The SAXS measurements of unsupported hybrid films were performed using the SAXS 2 beam-line at the National Synchrotron Light Laboratory (LNLS) in Campinas, Brazil. An asymmetrically cut and bent Si(111) crystal was used to focus horizontally the monochromatic X-ray beam (λ = 0.1608 nm). The scattering intensity I(q), collected with a two-dimensional X-ray detector (Pilatus, 300k, 84 mm × 107 mm), was determined as a function of the modulus of the scattering wave vector q = 4π/λ sin θ, θ being half of the scattering angle. With sample-to-detector distance fixed at 0.8 m, the scattering vector, q, was varied between 0.2 and 4.8 nm⁻¹. The parasitic scattering was subtracted from the total scattering intensity. The resulting curves were corrected to account for the effects related to the detector sensitivity and sample transmission.

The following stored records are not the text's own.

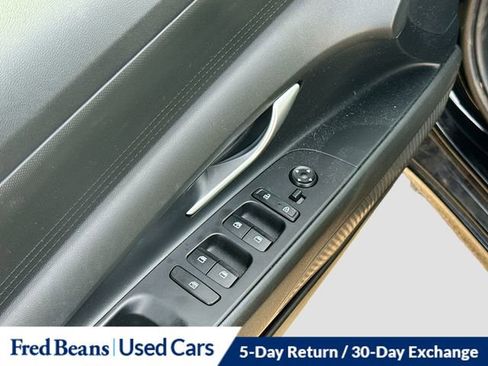 Used 2023 Hyundai Elantra SEL FWD image 19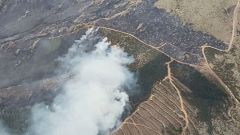 El incendio de Peñalba de la Sierra, Guadalajara, entra en la provincia de Segovia y obliga a desalojar Riofrío y La Pinilla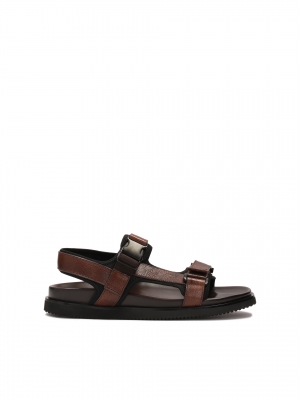 Comfortable leather sandals in brown color 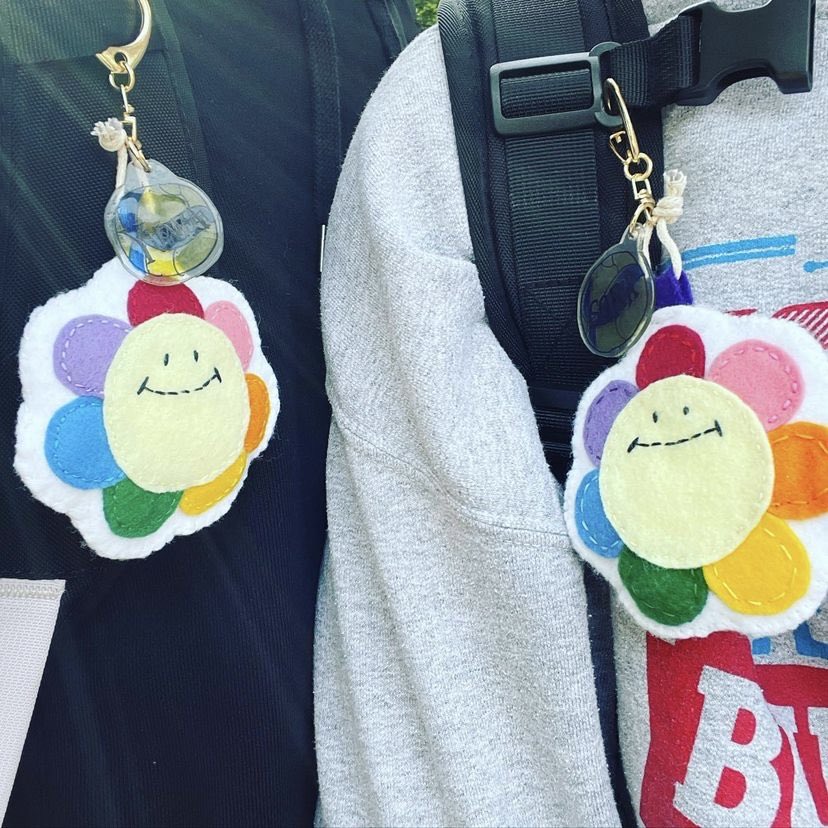 Memedays ミームデイズ 皆様おつかれさまです 本日ご紹介するz世代トレンドは 手作りお守り 𓈒𓂂𓏸 大きな大会や大事な試験の 応援グッズとして流行 キットカットやお花など 種類も様々でどれも可愛いです 今日のsnsミーム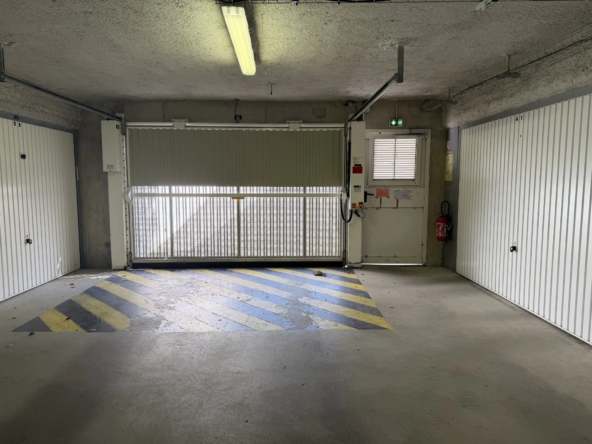 Garage fermé sécurisé au centre de Saint-Avé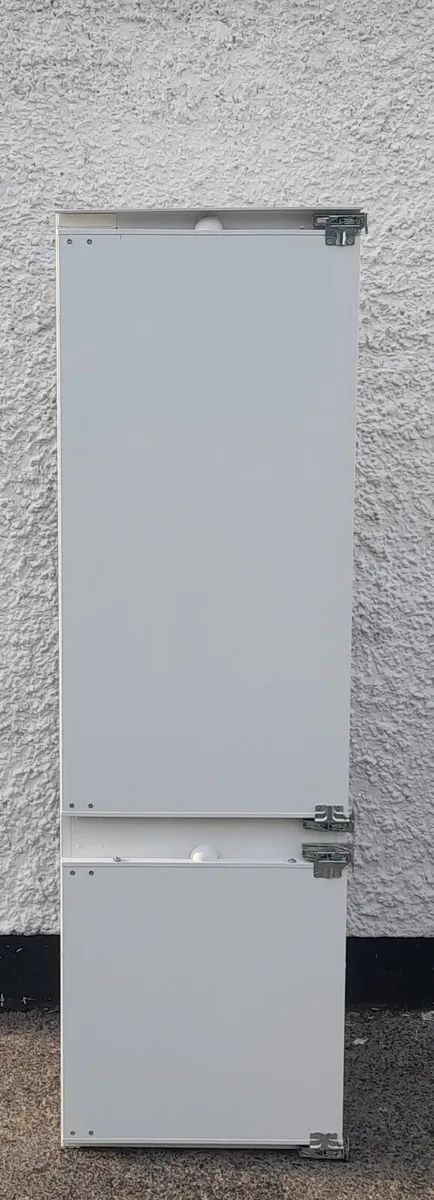 Bosch integrated fridge freezer for sale - Image 1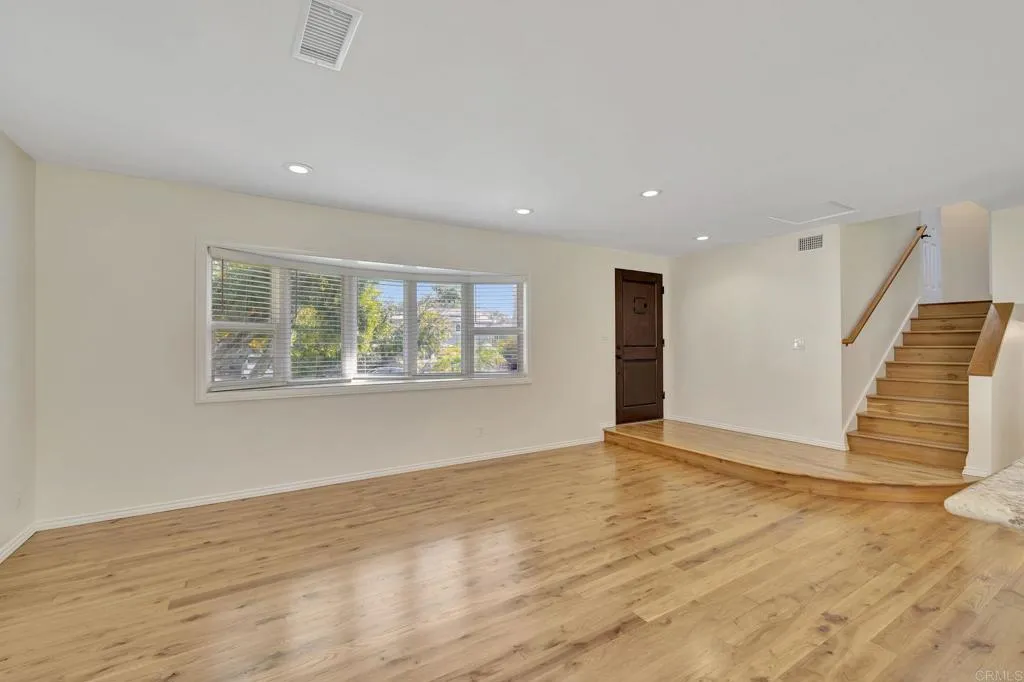 https://cdn.realtyfeed.com/cdn/127/306573975/dd0568a46d44c517c47294d77c98b062.webp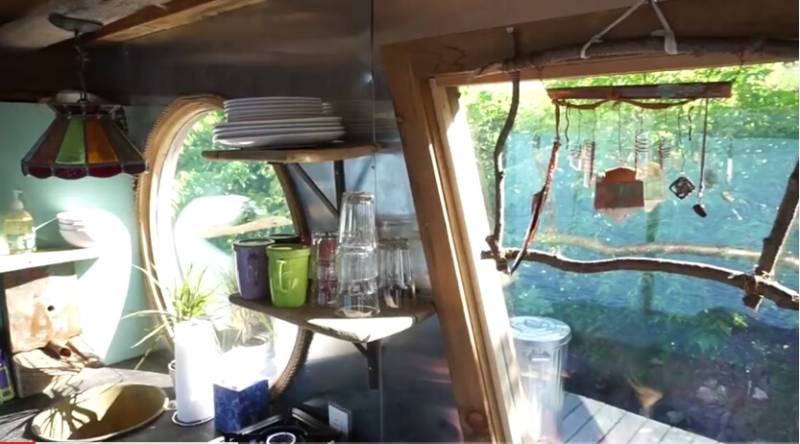 Floating tiny home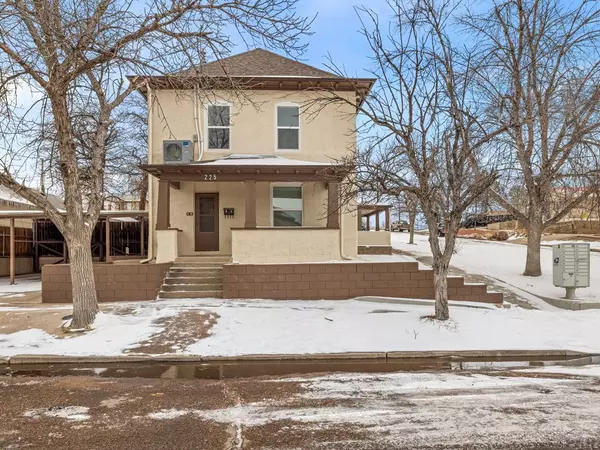 225 N Bradford Ave, Pueblo, CO 81001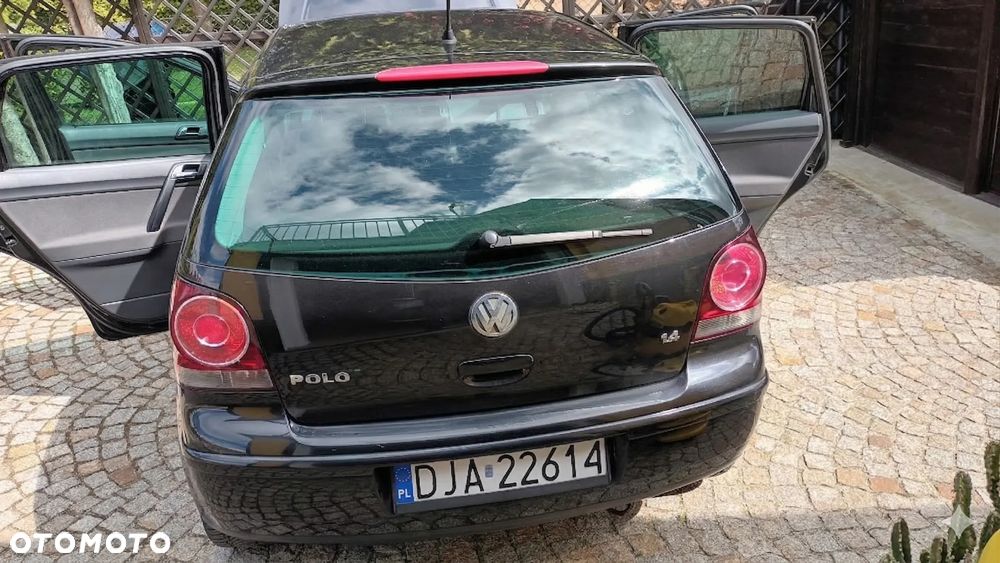 Volkswagen Polo - 4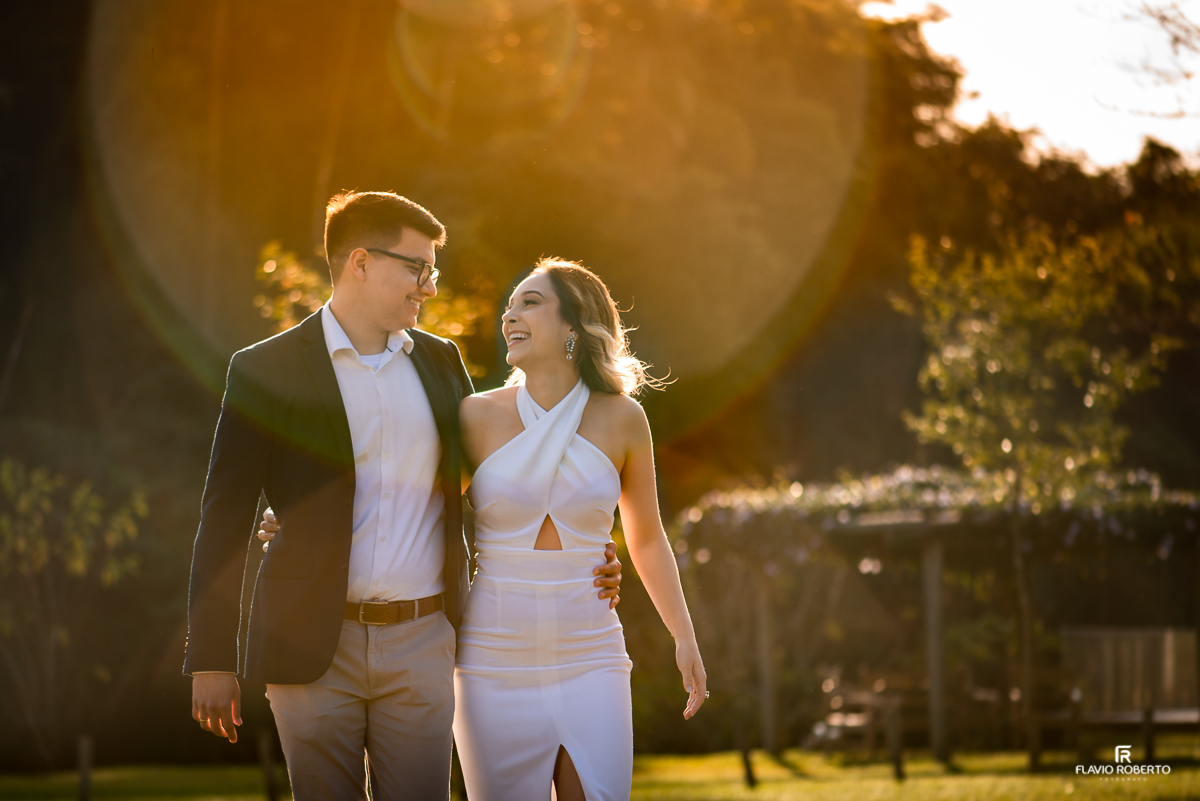 Casal abraçado durante Pré Wedding no Recanto do Bosque em Guaratinguetá.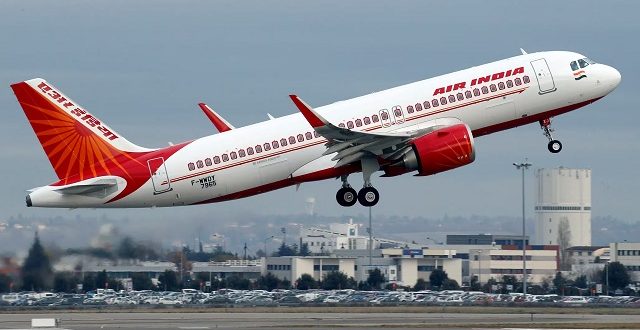 एयर इंडिया एक्सप्रेस ने चालक दल के 25 सदस्यों को भेजे बर्खास्तगी पत्र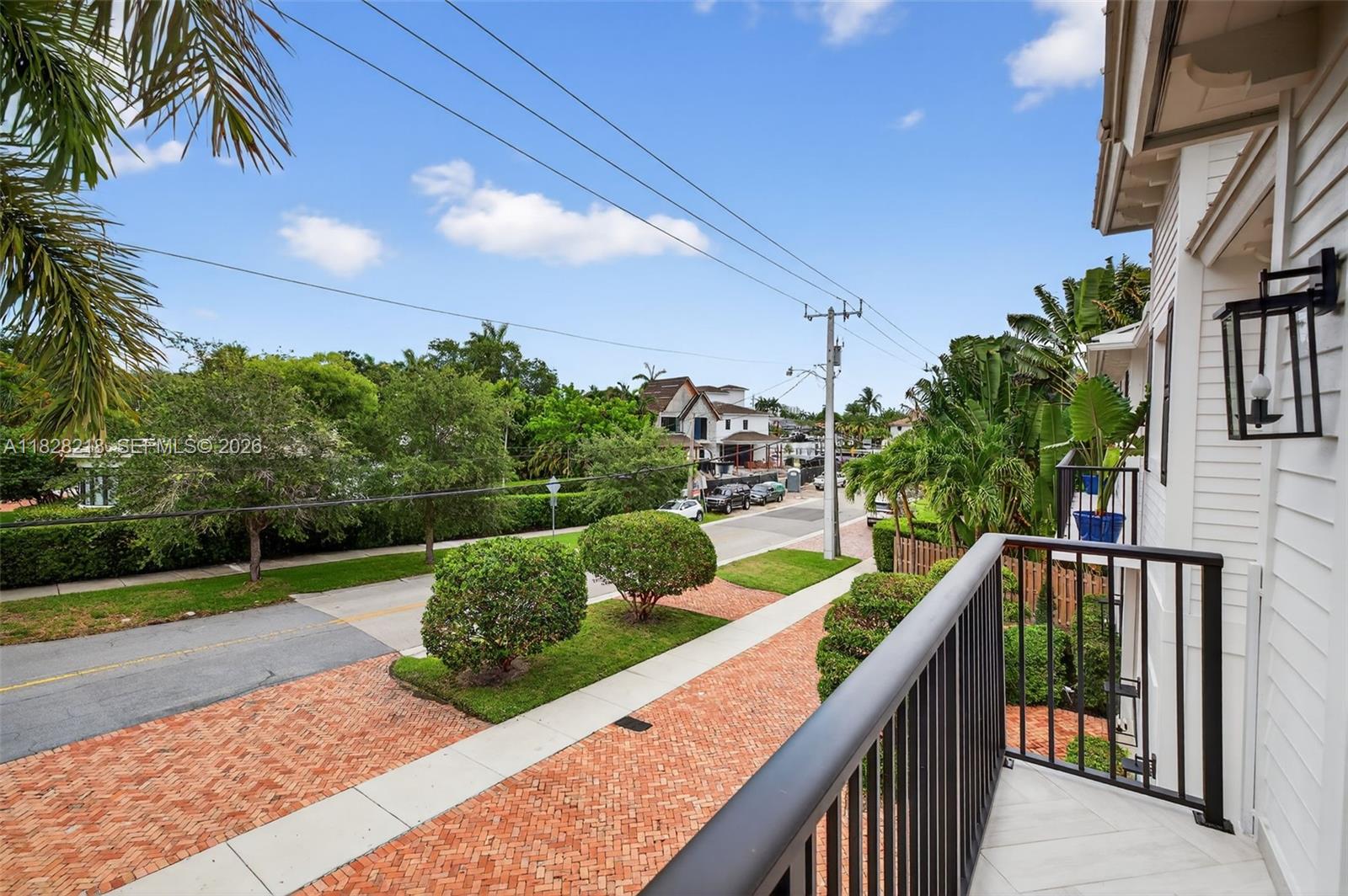 1404 SE 9th St, Fort Lauderdale FL 33316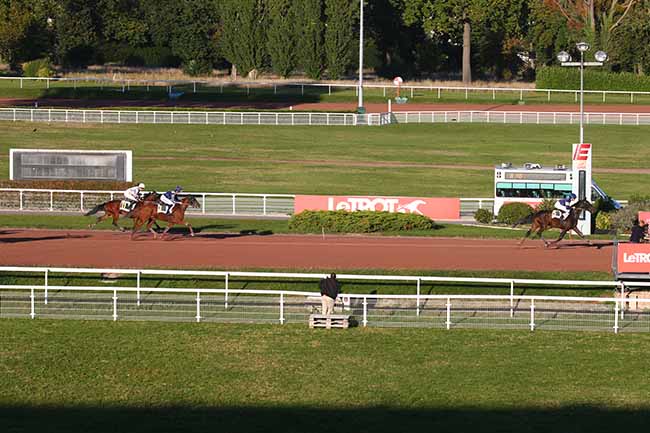 Photo d'arrivée de la course pmu PRIX DE LA PLACE DU CANADA à ENGHIEN le Jeudi 14 octobre 2021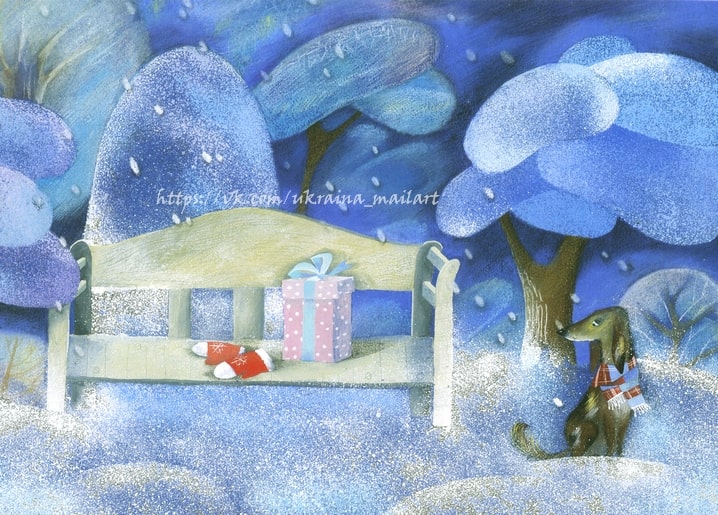 Aquarellillustration eines Dackels im Schal neben einer verschneiten Bank mit Geschenk und roten Fäustlingen.
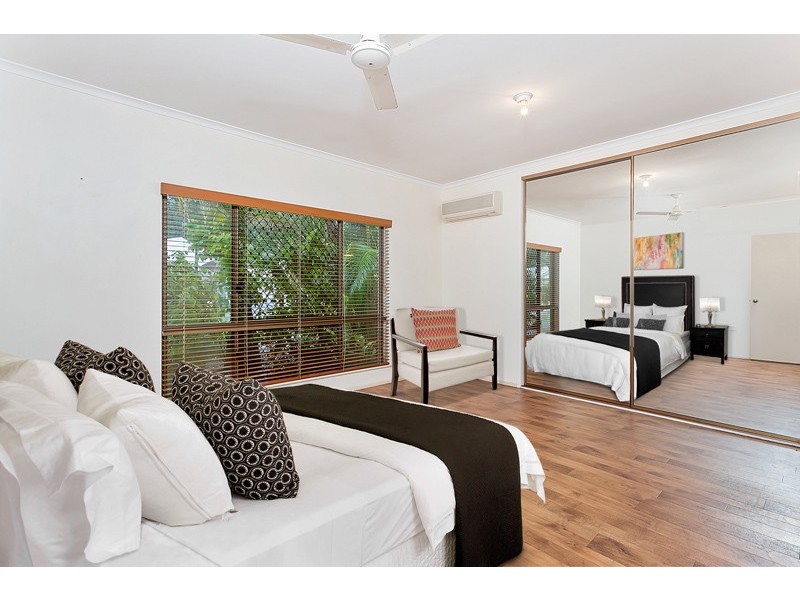 13 Ilse Close, Clifton Beach QLD 4879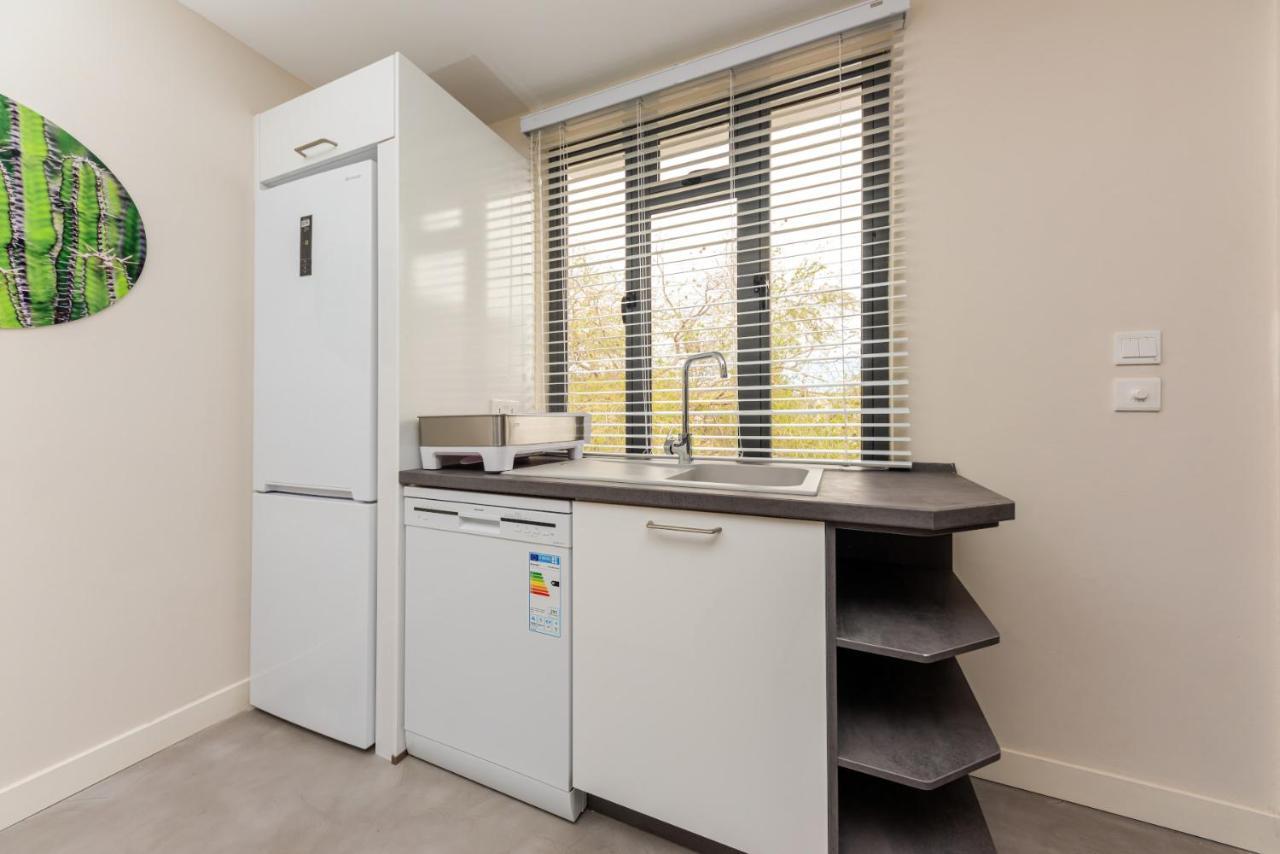 Les Cerisiers Residence, Cosy And Modern 3 Bedroom Located 50 Metres From The And From Amenities And Restaurants On The Coastal Road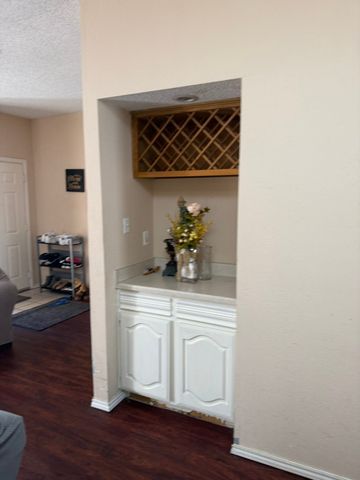 1603 Raton Drive, Arlington, TX 76018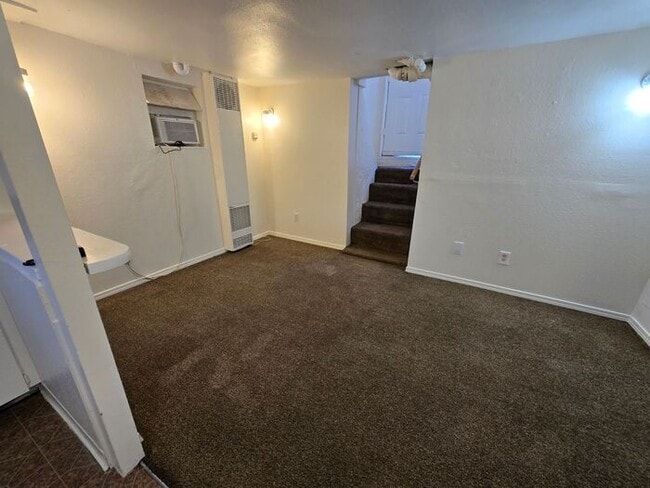 Building Photo - Centrally Located & Charming 1 Bedroom Apartment in Sparks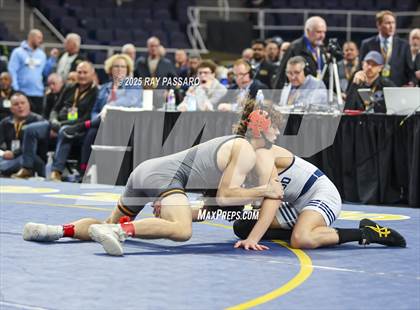 Thumbnail 3 in NYSPHSAA Finals (101 lbs - 124 lbs) photogallery.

The TG curves of samples were recorded using a SDT Q600 (TA Instruments) thermal analysis system, with nitrogen as purge gas at a flow rate of 100 mL min⁻¹. About 7 mg of the unsupported films were heated in alumina crucibles at a rate of 10 °C min⁻¹ up to 600 °C.

The XPS analysis was carried out at a pressure of less than 10⁻⁷ Pa using a UNI-SPECS UHV instrument. The Mg Kα line was used (hν = 1253.6 eV) and the analyzer pass energy for the high-resolution spectra was set to 10 eV. The inelastic background of the C 1s, O 1s and Si 2p spectra was subtracted using Shirley's method. Due to sample charging, the binding energy scale was corrected using ester component of PMMA (C 1s) fixed at 288.8 eV. The composition was determined with an accuracy of ±10% from the ratio of the relative peak areas corrected sensitivity factors of the corresponding elements. The spectra were fitted without placing constraints using multiple Voigt profiles. The width at half maximum (FWHM) varied between 1.2 and 2.1 eV and the accuracy of the peak positions was ±0.05 eV. To guaranty a consistent interpretation of structural and electrochemical data, XPS analysis was performed also on unsupported films, used for NMR, SAXS and TG, and coated carbon steel. The obtained results confirmed the identity of both materials.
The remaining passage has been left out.